Saturday, May 14, 2016

Back to the future

I'm back here again after 3 years. We meet again, my dear diary.

I found myself coming back to where I had always been - here in my lonely little comfort zone. This is probably the only place that I can really let out how I feel, how I think and what I want to say - in such a silence.

Many years have past, and as I read through all my past memories and my blog entries, I had really no idea I was so fucking emotional as I am today. Every blog post was a story written from the bottom of my heart, all my heartfelt emotions and feelings penned down over so many years everyday...I was so proud of myself for being strong, I was also unbelievably shaken by how much I have been through alone. I am surprised at the things I've said because I never knew I could actually say those things lol, but the words that came from me were so genuine...they were all so real.

Here I am today, finding myself probably more emotional than before, filled with so much scars, hurt, pain and misery.
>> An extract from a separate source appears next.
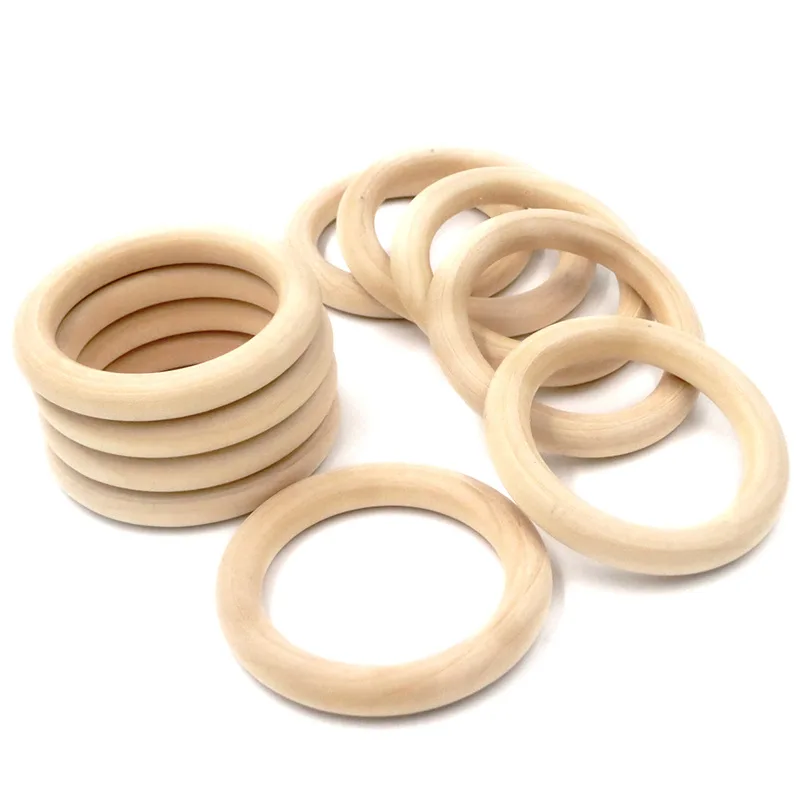 Wooden Rings Wooden Hoops for  - Wood Ring Blank 评论和价格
I came back to my blog more broken than ever, seeking comfort in the midst of my own loneliness. The past month was so painful. My mind consumed me. I cared so much, too much. I loved too deeply, too hopelessly. My life seems to always be in this unending whirlwind of traumatic emotions. Sometimes words cannot even express how I really feel deep within me.

I'm glad that I did not delete my blog which holds so much precious moments of my life here. I am even more thankful that it still exists today.

I'm back...to who I always have been all my life. The one who cries silent tears, the one who is always alone, the one whose soul is always empty. This has always be me from the beginning, and it's time I am coming back to my closet self. Thank you for embracing me here because nothing else could.